I write to encounter Jesus. I have been Bible people: the Samaritan woman talking theology with Jesus at the well, Zaccheus the tax collector observing Jesus from his perch in a tree, and Jesus’ mother, Mary, trying to understand his death on the Cross. I have imagined Jesus’ words to me, the way he would redirect my desires and challenge my understanding.

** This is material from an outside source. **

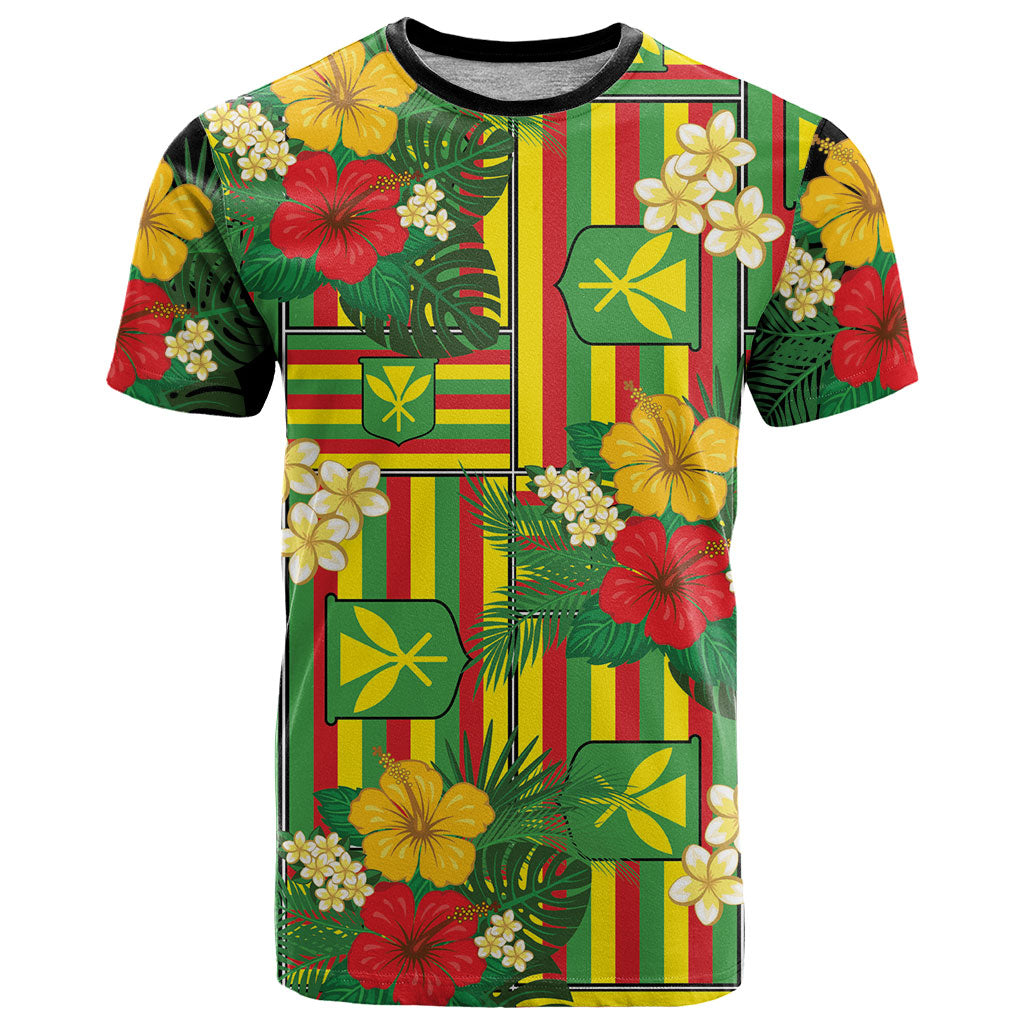 Hawaii Kanaka Maoli Hibiscus T Shirt Hawaiian Flag Motif LT9 Green - Polynesian Pride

Jesus allows me to teach and preach with him, invites me to heal and be healed, to suffer, to grow, and to be resurrected alongside him. He is a paradox, a mystery, someone and something I can’t fully comprehend. In the Bible he is the storyteller, and the subject of stories. He is a man who walked the earth long ago, and a presence within men and women who walk the earth today. He was born human with a divinity so bright it summoned the world to take notice. His death was brutally inhuman with divine repercussions that shook the world and changed it permanently. He became a savior to millions who came thousands of years after his resurrection, ministering to a world he caught only the smallest glimpse of, yet had an amazing understanding of.
Through Jesus, we are all allowed to be fully human, and to express fully the divine within us. Somehow his spirit is alive in us. By telling his stories, we can honor the gifts Jesus gave to the world during his earthly ministry. By telling the stories of how God has changed us and how we experience this “Jesus of the People” we can allow the Christ spark to keep igniting the world.